PROBLEM TO SOLVE: Reproduce the listing that follows in full. Omit its images.

RECORD EXCERPTS:
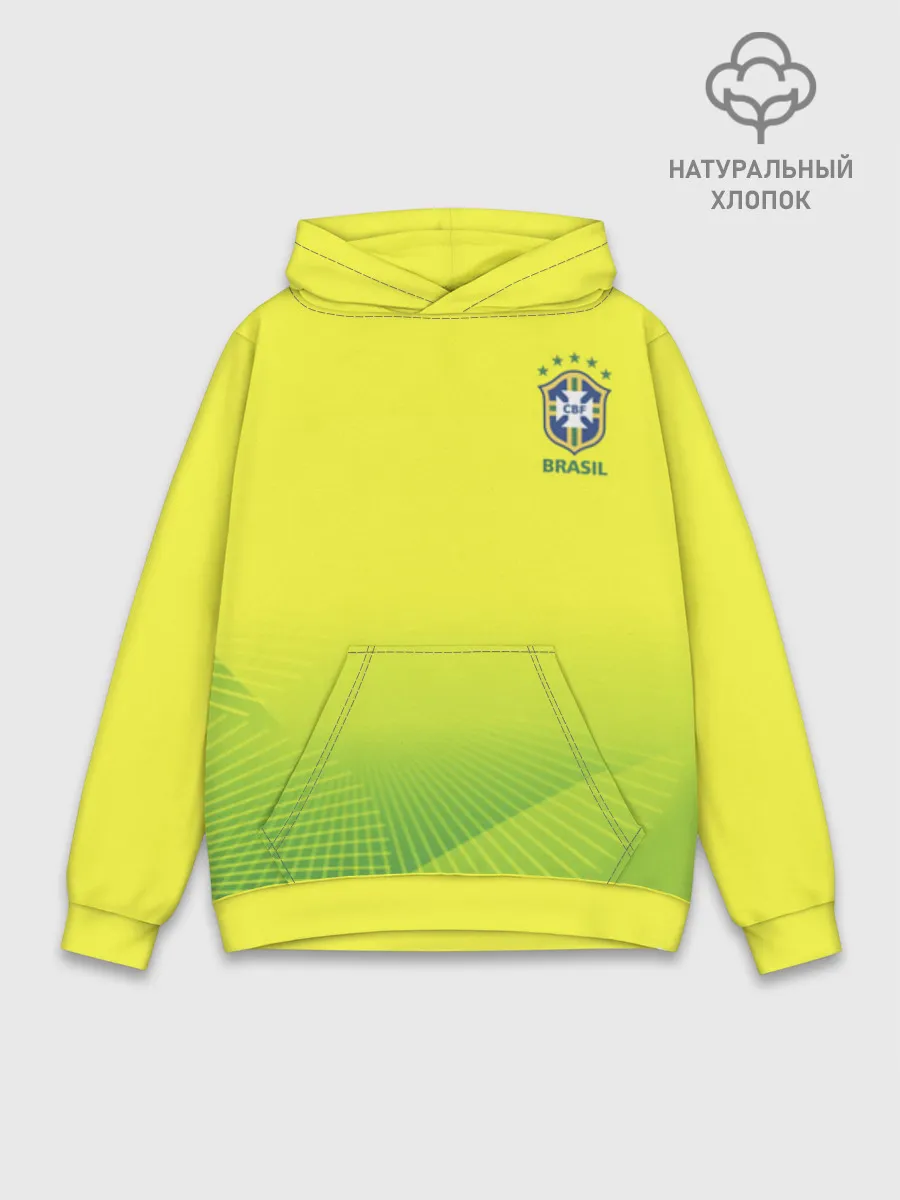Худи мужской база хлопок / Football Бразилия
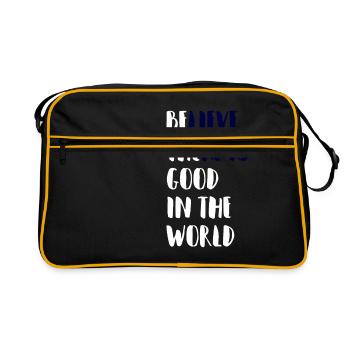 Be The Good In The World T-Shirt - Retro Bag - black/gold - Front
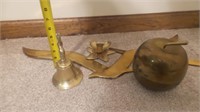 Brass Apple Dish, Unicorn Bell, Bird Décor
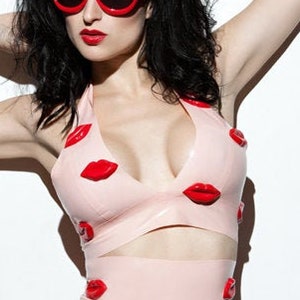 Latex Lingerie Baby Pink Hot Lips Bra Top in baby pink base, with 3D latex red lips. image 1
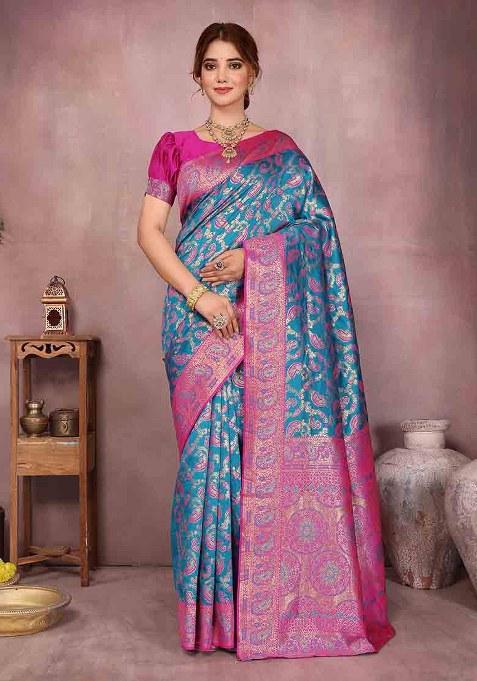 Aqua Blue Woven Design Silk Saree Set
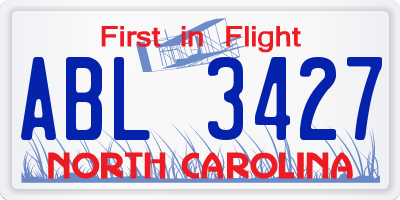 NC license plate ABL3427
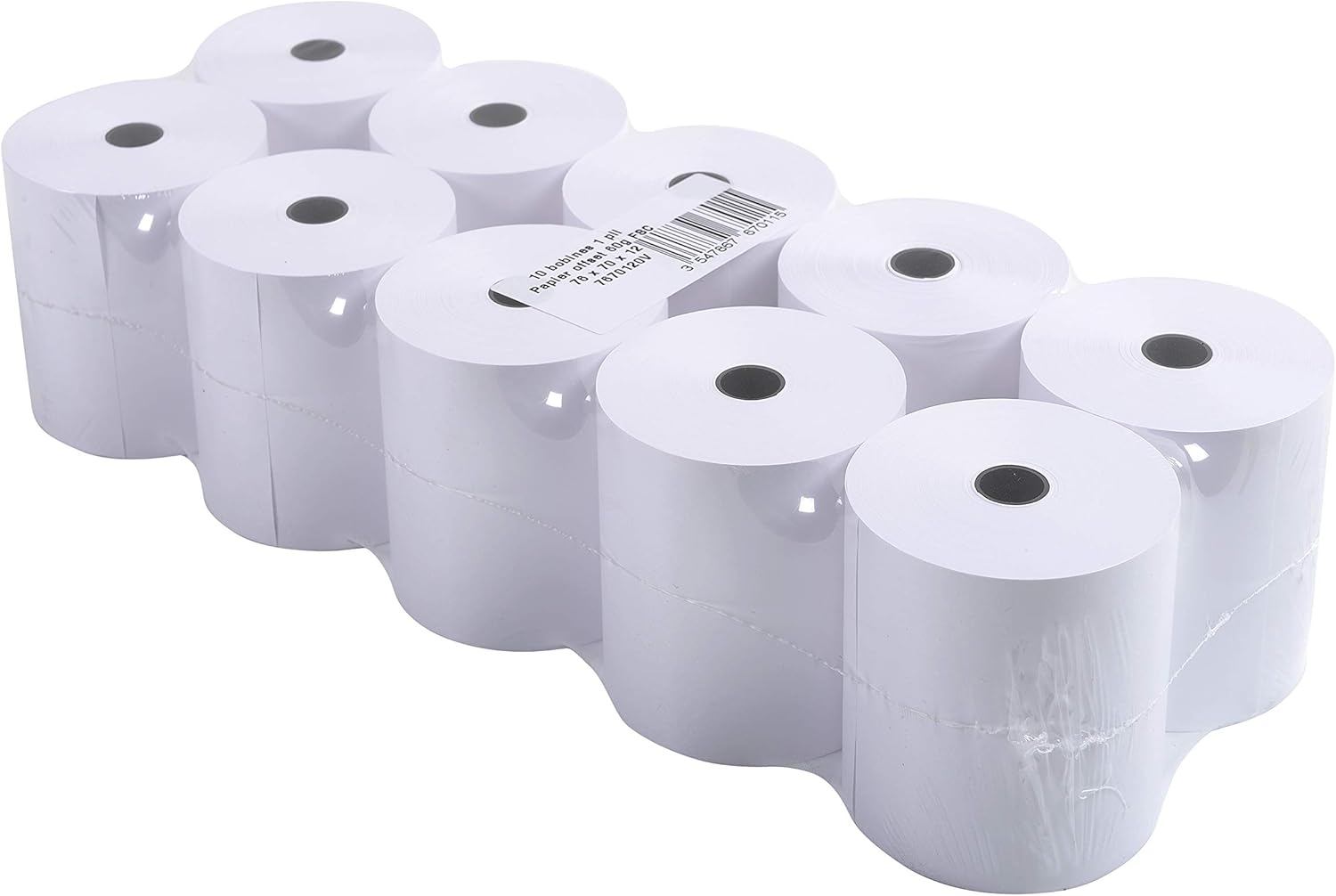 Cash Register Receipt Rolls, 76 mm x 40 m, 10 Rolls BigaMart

SOLUTION FOR THIS PROBLEM:
Худи мужской база хлопок / Football Бразилия
 Be The Good In The World T-Shirt - Retro Bag - black/gold - Front
 Brass Apple Dish, Unicorn Bell, Bird Décor
 Latex Lingerie Baby Pink Hot Lips Bra Top in baby pink base, with 3D latex red lips. image 1
 Aqua Blue Woven Design Silk Saree Set
 NC license plate ABL3427
 Cash Register Receipt Rolls, 76 mm x 40 m, 10 Rolls BigaMart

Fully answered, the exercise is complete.